The right hon. Gentleman is perfectly entitled to that view, but it is not shared by the Select Committees that have considered the matter, including during the previous Parliament; it is not a view shared in the work by the FSA on what went wrong and the failure to conduct macro-prudential analysis; and it is not a view shared by almost everyone who has looked at the failures of the British regulatory system during the period in question. He is perfectly entitled to his view—I am not surprised that he holds it, given that he was responsible for creating the system—but if it is his view, he should have the courage to vote against our proposals to dismantle it.
That is the task that we are giving them. They must ensure that they have the necessary expertise and resources. The interim committee is looking across the piece—I will deal later with the role of regulating individual firms—but it is interesting that its two financial stability reports highlighted a specific financial instrument, the exchange-traded fund, and expressed concern about its rapid growth. I am not aware that the regulatory system that existed in 2006-07 spotted, for example, the rapid increase in the use of collateralised debt obligations. It did not warn about specific instruments and the growth in their use. The financial stability reports of the committee that we have already set up demonstrate an attention to particular complex market instruments and their potential systemic risks.

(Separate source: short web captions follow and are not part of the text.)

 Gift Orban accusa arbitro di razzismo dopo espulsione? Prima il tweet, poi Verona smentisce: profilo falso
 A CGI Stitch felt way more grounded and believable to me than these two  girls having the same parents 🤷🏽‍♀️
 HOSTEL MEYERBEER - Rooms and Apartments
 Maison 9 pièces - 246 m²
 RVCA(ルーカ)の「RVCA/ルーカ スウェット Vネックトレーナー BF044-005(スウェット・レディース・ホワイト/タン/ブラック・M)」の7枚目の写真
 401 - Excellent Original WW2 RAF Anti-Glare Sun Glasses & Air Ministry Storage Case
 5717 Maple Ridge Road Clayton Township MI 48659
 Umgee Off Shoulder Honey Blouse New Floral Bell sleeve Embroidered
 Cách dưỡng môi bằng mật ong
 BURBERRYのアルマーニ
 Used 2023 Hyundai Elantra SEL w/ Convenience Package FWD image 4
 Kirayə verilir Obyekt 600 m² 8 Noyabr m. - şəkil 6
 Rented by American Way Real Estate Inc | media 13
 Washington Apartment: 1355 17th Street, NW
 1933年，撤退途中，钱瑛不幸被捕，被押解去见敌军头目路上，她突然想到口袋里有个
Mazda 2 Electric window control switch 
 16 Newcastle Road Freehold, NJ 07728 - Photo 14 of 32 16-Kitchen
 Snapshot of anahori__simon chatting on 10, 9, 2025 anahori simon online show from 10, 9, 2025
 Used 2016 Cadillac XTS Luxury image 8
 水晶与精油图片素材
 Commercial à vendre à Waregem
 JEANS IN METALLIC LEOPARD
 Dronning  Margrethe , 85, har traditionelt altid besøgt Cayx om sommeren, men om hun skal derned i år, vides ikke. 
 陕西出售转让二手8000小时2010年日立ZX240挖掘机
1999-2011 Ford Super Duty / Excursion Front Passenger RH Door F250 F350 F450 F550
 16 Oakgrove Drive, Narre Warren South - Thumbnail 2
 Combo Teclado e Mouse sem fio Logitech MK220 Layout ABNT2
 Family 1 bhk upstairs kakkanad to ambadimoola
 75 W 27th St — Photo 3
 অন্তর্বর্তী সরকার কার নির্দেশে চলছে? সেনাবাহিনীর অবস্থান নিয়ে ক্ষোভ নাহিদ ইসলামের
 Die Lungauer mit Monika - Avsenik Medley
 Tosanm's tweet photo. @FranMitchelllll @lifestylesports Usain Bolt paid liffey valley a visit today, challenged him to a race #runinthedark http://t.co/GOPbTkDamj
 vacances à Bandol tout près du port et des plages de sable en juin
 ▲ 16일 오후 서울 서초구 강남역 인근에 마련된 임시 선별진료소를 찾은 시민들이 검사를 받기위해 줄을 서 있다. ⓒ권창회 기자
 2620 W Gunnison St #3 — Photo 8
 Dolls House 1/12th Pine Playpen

Will the Chancellor explain why, if the key is locating regulation in the central bank, those pressures before 2007 were not spotted by the US Federal Reserve, which was the central banker and the regulator? He is giving a very UK-specific analysis. What about all the other examples of central banks failing to spot these growing problems?
There are examples of central banks, such as the Canadian and Spanish central banks, which were much more aggressive in counter-cyclical regulation, and which felt empowered to make the decisions. In the United States—I am sure that the right hon. Gentleman has had conversations about this with the United States Treasury Secretary and the Federal Reserve chairman—things have been taken to the opposite extreme. There is a plethora of regulators—too many different regulators. The single biggest problem in the United States probably occurred in the insurance industry, in the American International Group. There was an insurance regulator based in one particular state and it was not something for which the Federal Reserve had a responsibility. Ben Bernanke has talked about the role of central banks, and I shall say something about his view later.
I think it right for us to create a Financial Policy Committee that is on a statutory footing. I have talked about the importance of its having external independent members who are able to provide market expertise and challenge received opinion, but I believe—and this may be something that we can tease out in Committee—that we should think about how we can get the balance right, and avoid conflicts of interest while also bringing in people with real expertise.
What makes the Financial Policy Committee that the Bill will establish such a radical departure in terms of policy making is that we are not only asking it to assess the risks throughout the financial system, but proposing to give it powerful tools with which to do something about those risks. The Monetary Policy Committee assesses the risks of inflation and whether it will overshoot or undershoot the target, and then alters interest rates as appropriate. The Financial Policy Committee will be given macro-prudential tools with which to hit the financial stability objectives set out in the Bill, and to reduce and remove systemic risks to the stability and resilience of the UK financial system.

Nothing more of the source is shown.